In Britain, the FTSE 100 eased 0.11 per cent, after data on Wednesday showed nationwide inflation hit its highest in 18 months in July.
The move lower in European markets mirrored a dim day for their Asian counterparts earlier in the day, with tech-heavy indexes in Taiwan and South Korea among the biggest losers.
MSCI's broadest index of Asia-Pacific shares outside Japan lost 0.74 per cent.
While there was no immediate trigger behind the selloff in technology stocks, analysts pointed to a confluence of factors, including President Donald Trump's growing influence over the sector and a general risk-off mood.
"What we're seeing is a relatively broad momentum unwind, probably triggered by some de-risking ahead of Powell's remarks at Jackson Hole on Friday," said Michael Brown, senior research strategist at Pepperstone.
US Commerce Secretary Howard Lutnick is looking into the government taking equity stakes in Intel as well as other chip companies in exchange for grants under the CHIPS Act that was meant to spur factory-building around the country, sources told Reuters.
The move comes on the back of other unusual deals Washington has recently struck with US companies, including allowing AI chip giant Nvidia to sell its H20 chips to China in exchange for the US government receiving 15 per cent of the revenue from those sales.
"These developments signal that the US government is heading in a concerning and more interventionist direction," said Tony Sycamore, a market analyst at IG.
In commodities, oil prices trimmed losses from the previous session, as investors awaited the next steps in talks to end Russia's war on Ukraine, with uncertainty over whether oil sanctions might be eased or tightened.

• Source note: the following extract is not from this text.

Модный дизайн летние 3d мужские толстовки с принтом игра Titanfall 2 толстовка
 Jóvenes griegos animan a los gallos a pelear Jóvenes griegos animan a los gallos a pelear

While a meeting between US President Donald Trump, Ukrainian President Volodymyr Zelenskiy and a group of European allies over the Russia-Ukraine war concluded without much fanfare, Trump said the United States would help guarantee Ukraine's security in any deal to end Russia's war there.
He later said on Tuesday that the United States might provide air support to Ukraine, while ruling out putting US troops on the ground.

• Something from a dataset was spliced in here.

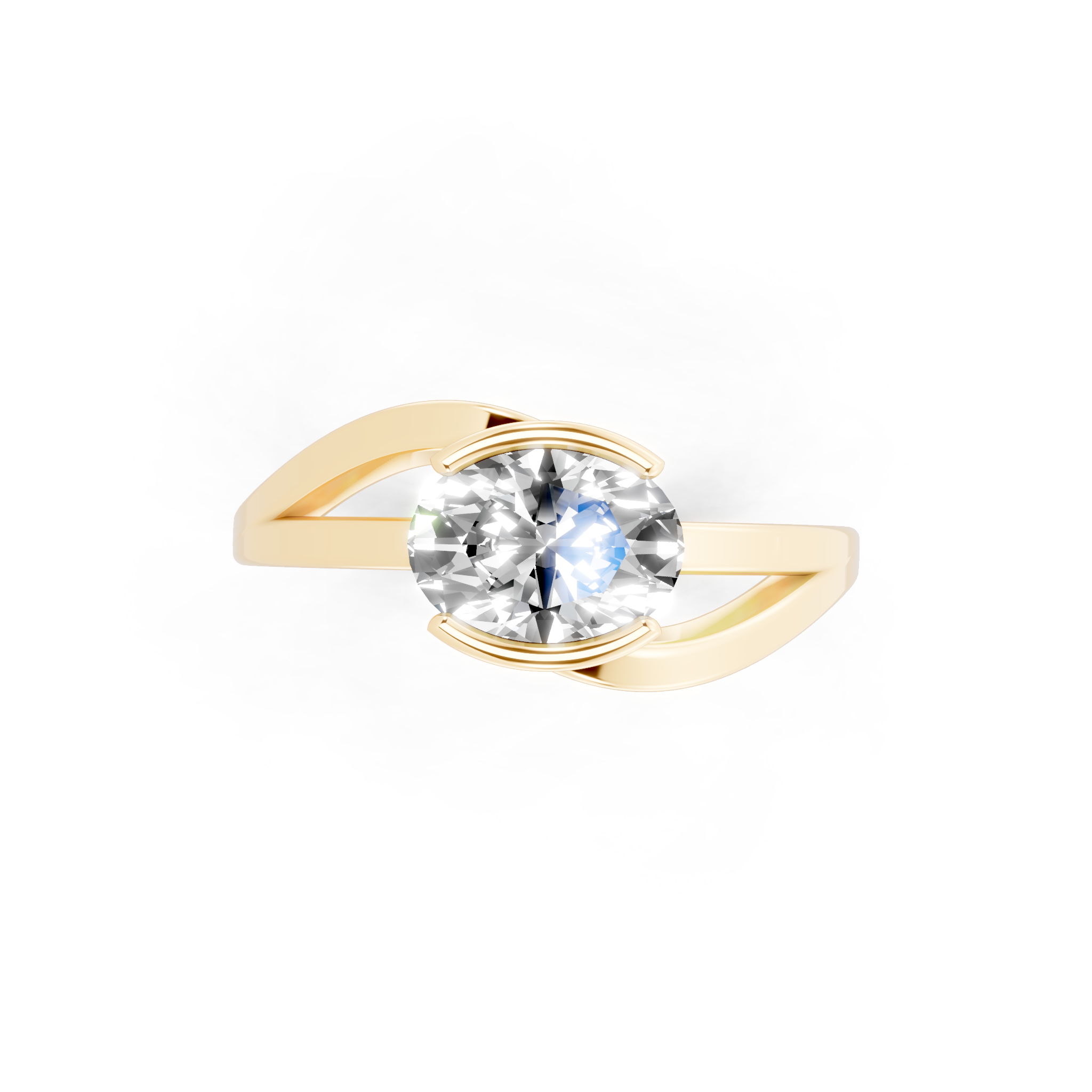 Elegant Oval Statement Lab Grown Diamond Ring in 10, 14 & 18KT Gold by LJ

"The US is not categorically underwriting anything, any security for Ukraine, even if they're open to provide some, because we don't know the conditions under which they will. So there's quite a bit of risk left out there," said Vishnu Varathan, head of macro research for Asia ex-Japan at Mizuho.
Brent crude futures were last up 0.8 per cent at US$66.32 a barrel, while US crude tacked on 0.72 per cent to US$62.80 per barrel.
AWAITING JACKSON HOLE
All eyes are now on the Kansas City Federal Reserve's August 21-23 Jackson Hole symposium, where Fed Chair Jerome Powell is due to speak on the economic outlook and the central bank's policy framework on Friday.
Focus will be on what Powell says about the near-term outlook for rates, with traders almost fully pricing in a rate cut next month.
"Given the apparent tensions between US CPI and PPI data, (it) does come across as ... premature to declare one way or the other. And most importantly, given this kind of dilemma embedded within the data, it is hard to decipher whether the Fed would take or would emphasise the risks that start to mount on the job side of the equation or (the) need to sit firm," said Mizuho's Varathan.
Ahead of the gathering, the dollar firmed slightly, pushing the euro down 0.06 per cent to US$1.1639. Sterling rose a touch after the release of the UK inflation data and was last little changed at US$1.3494.
The New Zealand dollar tumbled more than 1 per cent after its central bank cut rates as expected and flagged further reductions in coming months as policymakers warned of domestic and global headwinds to growth. The kiwi last bought US$0.5829.
Elsewhere, spot gold rose 0.29 per cent to US$3,324.89 an ounce.